Leaked Slide Claims To Spill Details On Next-Gen Bulldozer Processor

A slide leaked to occasionally-accurate Turkish website Donahim Haber purports to showcase some of the features of AMD's next-generation Bulldozer core, codenamed 'Piledriver.'  This is the same CPU core the company's upcoming 'Trinity' mobile APU will be based on. Other leaked slides have implied that Trinity will be released more quickly than first anticipated, which makes this information downright timely.

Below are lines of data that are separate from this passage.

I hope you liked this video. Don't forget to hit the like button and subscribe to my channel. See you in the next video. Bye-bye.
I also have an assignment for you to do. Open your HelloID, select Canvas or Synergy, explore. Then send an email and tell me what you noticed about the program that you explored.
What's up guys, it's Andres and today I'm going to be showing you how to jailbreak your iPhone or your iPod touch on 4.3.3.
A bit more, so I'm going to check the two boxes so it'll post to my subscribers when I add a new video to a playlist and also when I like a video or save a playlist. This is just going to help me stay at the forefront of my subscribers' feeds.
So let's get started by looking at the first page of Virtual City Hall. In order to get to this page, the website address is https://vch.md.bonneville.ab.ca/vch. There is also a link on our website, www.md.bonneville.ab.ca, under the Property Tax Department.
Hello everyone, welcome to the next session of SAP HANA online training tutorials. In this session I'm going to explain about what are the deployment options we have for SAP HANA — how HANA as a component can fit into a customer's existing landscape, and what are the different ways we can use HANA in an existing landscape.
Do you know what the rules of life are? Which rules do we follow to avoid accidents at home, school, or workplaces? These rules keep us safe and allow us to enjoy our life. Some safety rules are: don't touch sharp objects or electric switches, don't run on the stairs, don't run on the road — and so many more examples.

As always, keep in mind that Donahim Haber is a rumor site. The slide, however, is a rumor that makes sense. A 10 percent performance jump from Bulldozer to Piledriver is a reasonable increase for a quick architectural refresh. The chip keeps BD's cache layouts and supports version 3.0 of AMD's Turbo Core!. At a guess, this may be a suite of more-advanced power gating and clocking functionalities--it may be that the primary features of TC 3.0 are aimed at Trinity.

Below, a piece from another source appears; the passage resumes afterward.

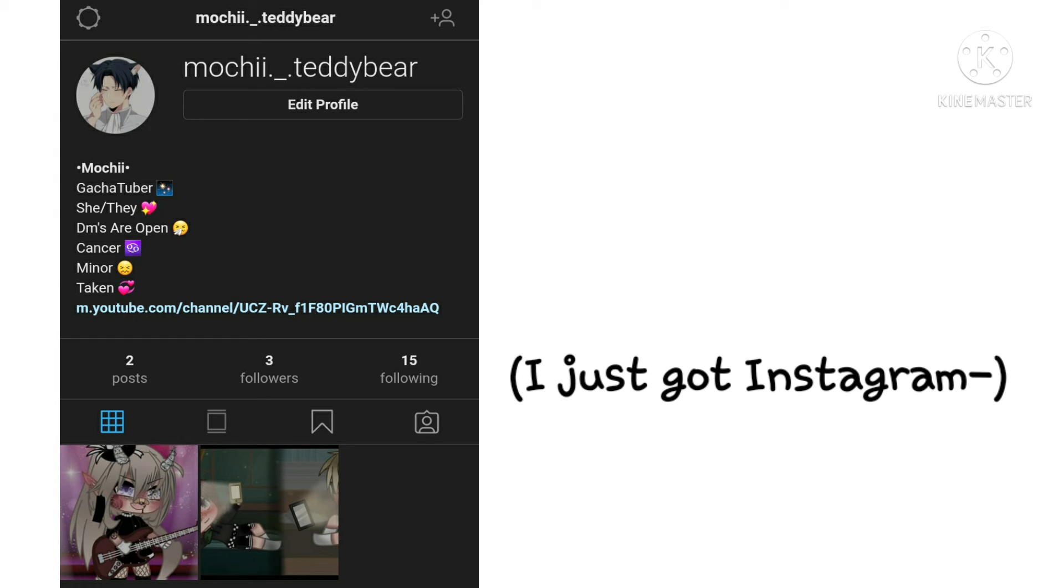I just got Instagram because I post the edits from my videos there before I post the videos on YouTube, so you get a sneak peek of my future videos.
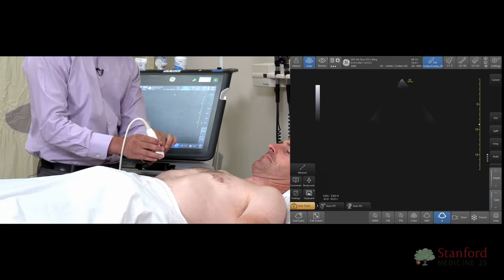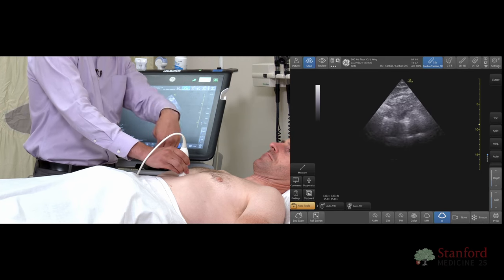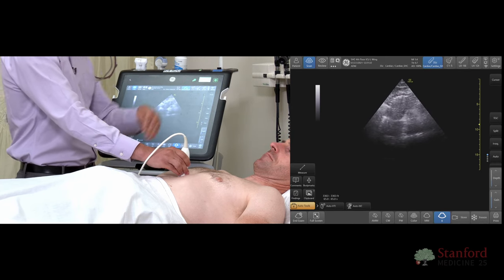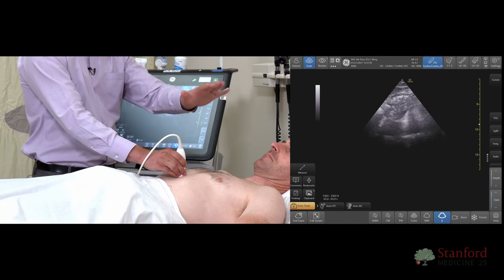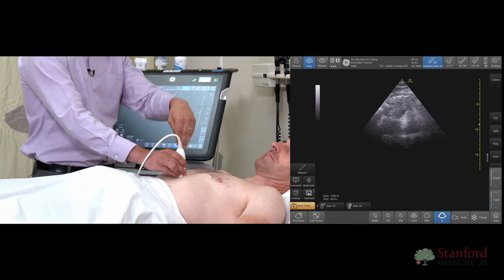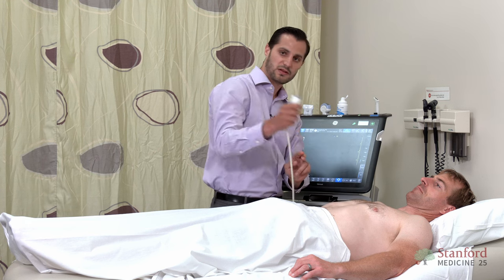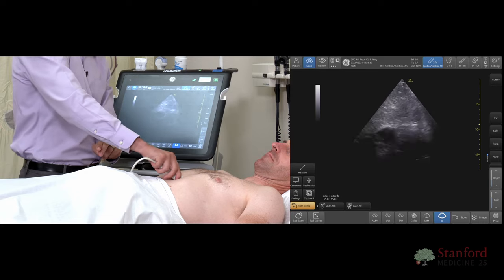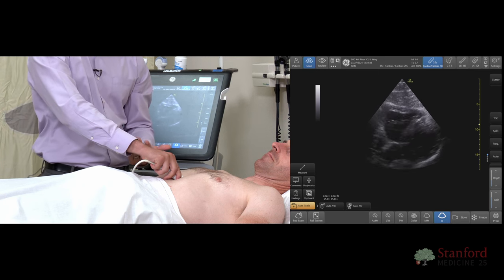Another common error is individuals who point the probe almost perpendicular to the chest. When you do this, you can imagine the heart is up on the left side — you're not able to visualize it well if the probe is pointed straight down. All you have to do is take an overhand grip like a remote control and drop your probe so it's almost parallel to the patient's body, and that can bring the subcostal into a better view.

The chip also supports new instructions. FMA3 is an Intel-supported instruction for fused multiply-adds. The current state of FMA3/FMA4 (AMD's version) support is a bit confused, but Bulldozer won't ship with FMA3 support. Adding it to Piledriver could improve performance in certain workloads, once compilers are updated to take advantage of the new capability. This last is essential, and it's part of why Bulldozer's performance may improve over time--several of the chip's features may require compiler support to function optimally. New BMI (bit manipulation instructions) could improve the performance of certain loops or conditions.

The one thing we'd have liked to see that isn't mentioned here is any difference in power consumption between the two chips. Oftentimes, companies are able to optimize die layouts from one generation to the next as a means of reducing power, even on the same process. In this case, power savings translate into higher available clock speeds, and that's an option that could only benefit AMD. The company will be taking its eight-core (and higher) products into battle in the server sector next year, and lower TDPs would give AMD room to compete with current Xeons by increasing clock speeds more aggressively.

Other options are as expected. Piledriver will continue to support DDR3-1866 via dual-channel memory (you'll have to buy a server platform if you want quad-channel RAM), AMD is apparently sticking with the AM3+ platform, and the 9-series chipset (again, according to this rumor) will form the backbone of product support. We'd be surprised if AMD doesn't debut a 10-series chipset along with a second-generation Bulldozer, particularly since the company's Radeon HD 7000 products will supposedly support PCIe 3.0.

Bulldozer is expected to drop in the very near future, with Trinity possibly shipping as early as Q1 2012. No word on Piledriver, but a refresh sometime in H1 2012 would make sense.